Task directions:
Before you return the lines below, strip out any images and keep every word as written.
[Data supplied]
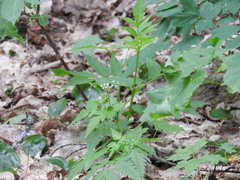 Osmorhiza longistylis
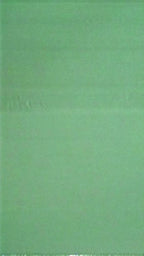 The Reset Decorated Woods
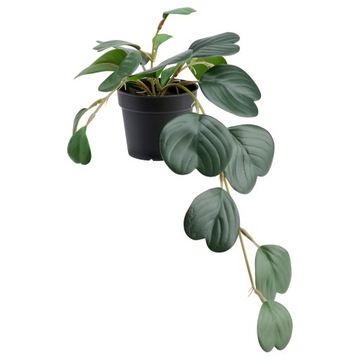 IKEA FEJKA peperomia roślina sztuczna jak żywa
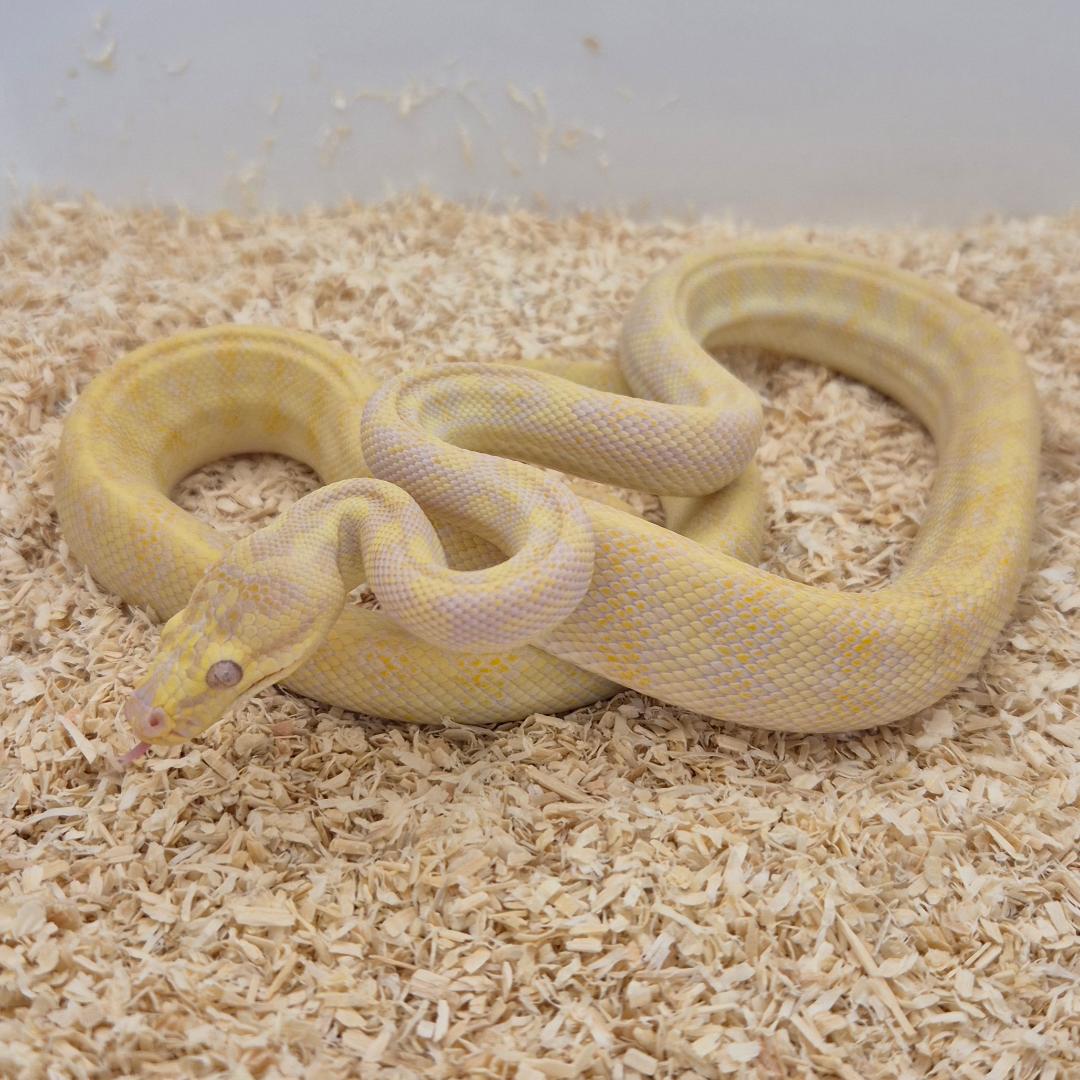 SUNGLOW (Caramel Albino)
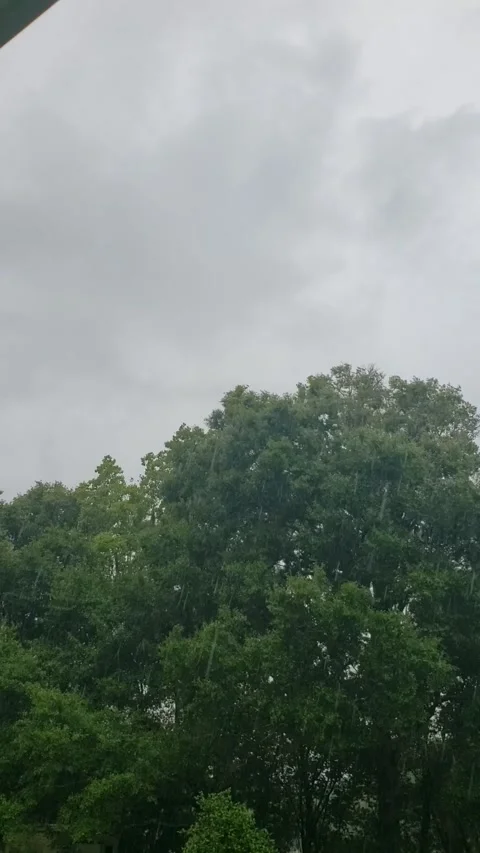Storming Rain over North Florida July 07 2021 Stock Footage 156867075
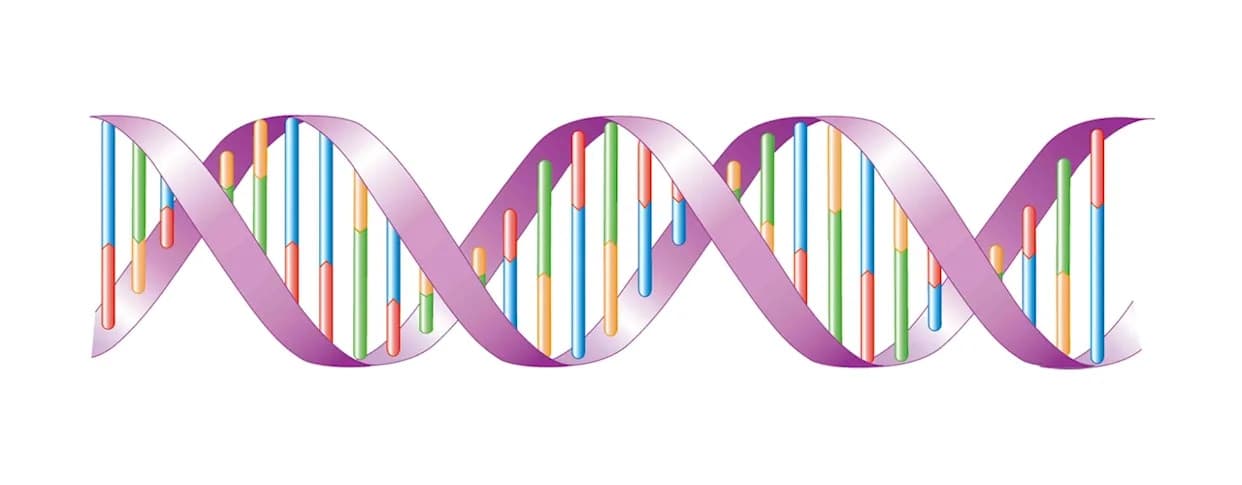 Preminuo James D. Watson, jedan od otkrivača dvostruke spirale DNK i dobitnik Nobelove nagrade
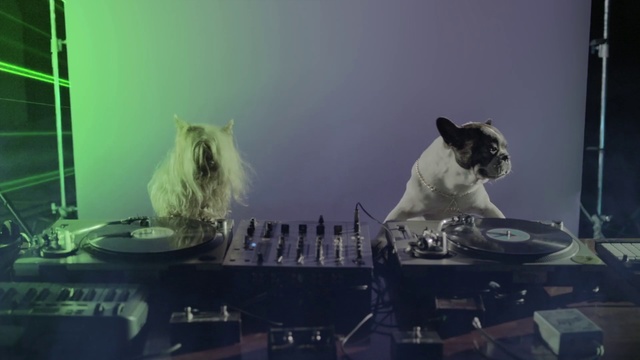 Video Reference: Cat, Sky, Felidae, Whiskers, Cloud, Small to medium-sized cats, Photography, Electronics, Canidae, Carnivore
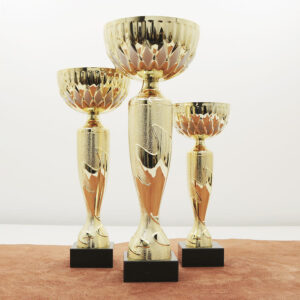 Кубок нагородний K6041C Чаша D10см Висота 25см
[/Data supplied]
The completed task:
 Osmorhiza longistylis
 The Reset Decorated Woods
 IKEA FEJKA peperomia roślina sztuczna jak żywa
 SUNGLOW (Caramel Albino)
Storming Rain over North Florida July 07 2021 Stock Footage 156867075
 Preminuo James D. Watson, jedan od otkrivača dvostruke spirale DNK i dobitnik Nobelove nagrade
 Video Reference: Cat, Sky, Felidae, Whiskers, Cloud, Small to medium-sized cats, Photography, Electronics, Canidae, Carnivore
 Кубок нагородний K6041C Чаша D10см Висота 25см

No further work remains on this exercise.